Geçtiğimiz hafta İçişleri ve Çalışma Bakanlığı tarafından alınan bir kararla; aşırı sıcaklar nedeniyle dışarda, açıkta (güneş altında) çalışma yapılmasının yasaklandığı duyuruldu. Ancak bu “yasak” hem patronlar tarafından uygulanmadı, hem de ilgili Bakanlık tarafından yapılan açıklamalarda kamuoyunun algıladıkları ile kararda öngörülen arasında çelişkiler olduğu ortaya çıktı.
Tam bir algı yönetimi şeklinde gerçekleşen sözde yasaklama olayını, İş Yasası’nın 36. Maddesi ışığında değerlendirerek, patronlar ve hükümetler arasındaki ilişkiyi bir kez daha inceleyelim…
Öncelikle İşçişleri ve Çalışma Bakanlığı’nın aldığı resmi kararı aktaralım:
“Meteoroloji Dairesi’nden alınan bilgi ve Sağlık Bakanlığı’nın tavsiyesi üzerine İçişleri ve Çalışma Bakanlığı, hava sıcaklıklarının aşırı yükselmesi ve buna bağlı olarak ultraviyole ışınlardaki artışın hafta sonuna kadar devam edeceğini dikkate alarak 5 Ağustos 2015 tarihinden 8 Ağustos 2015 tarihine kadar (her iki tarih dahil) 12:00 – 16:00 saatleri arasında, dışarda, açıkta (güneş altında) çalışma yapılmasını 22/1992 sayılı İş Yasası’nın 36. Maddesi’nin verdiği yetkiye dayanarak yasaklamıştır.”

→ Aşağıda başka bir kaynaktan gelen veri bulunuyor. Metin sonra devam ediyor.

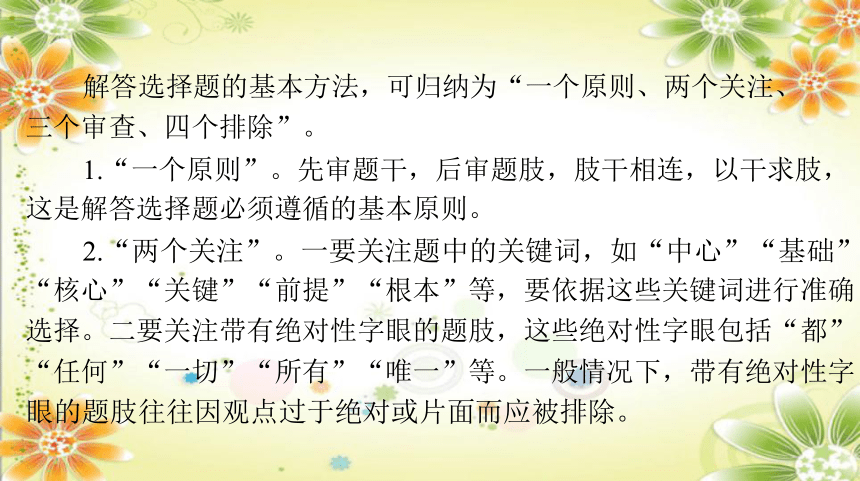 2024年中考道德与法治课件(共105张PPT)  题型指导和中考试题例析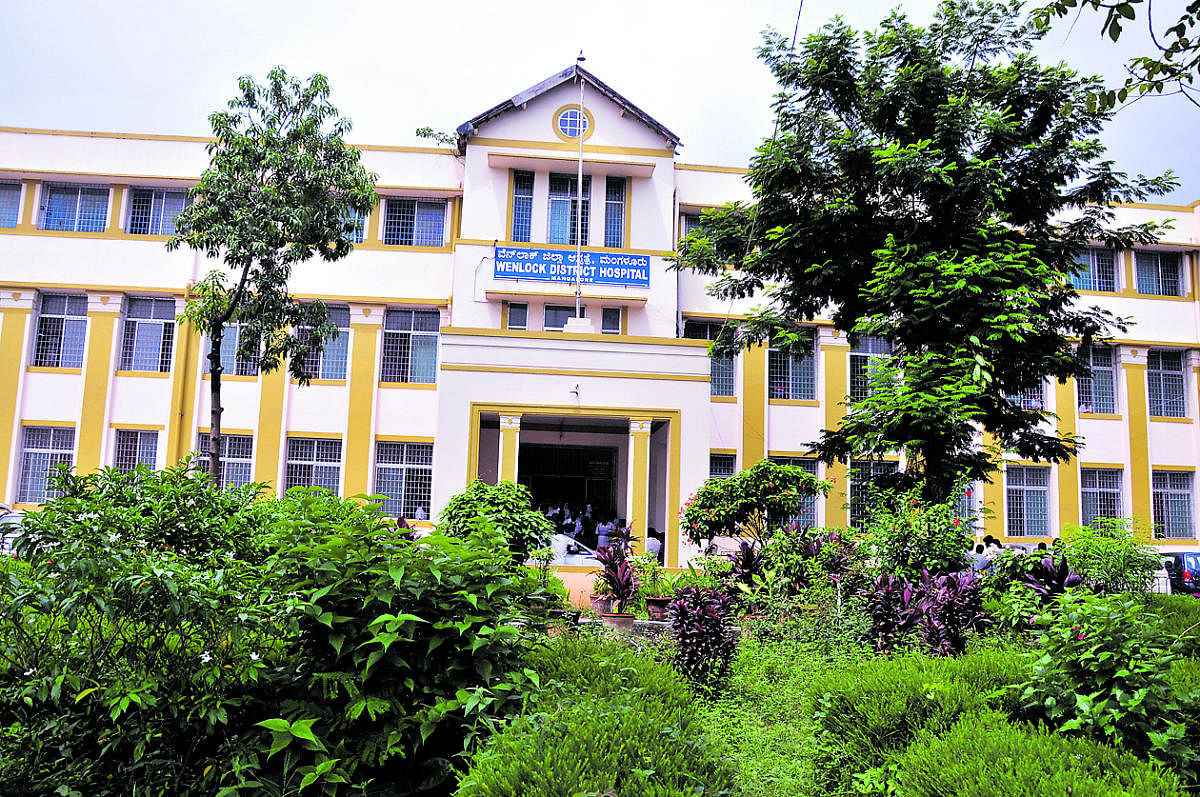 District Wenlock Hospital in Mangaluru.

İçişleri ve Çalışma Bakanlığı, bu kararı 4 Ağustos 2015 günü öğlen saatlerinde kamuoyuna duyurdu… Bu açıklamadan sonra, TAK muhabirinin görüştüğü İçişleri ve Çalışma Bakanı kendisine sorulan soru üzerine; “yasağa uymayanların çalışmalarının durdurulacağını, bunun yanında çalıştıran kurumlara bir asgari ücret kadar para cezası kesilebileceğini açıkladı.”
Her iki açıklama da, kamuoyundan olumlu tepki alırken, biz işçilerin olumsuz hava koşulları altında patronlarımızın karı için sağlığımızın riske girmeyecek olması da memnuniyet yarattı. Ancak, yasağın uygulanmaya başlaması ile birlikte ilginç gelişmeler olmaya başladı.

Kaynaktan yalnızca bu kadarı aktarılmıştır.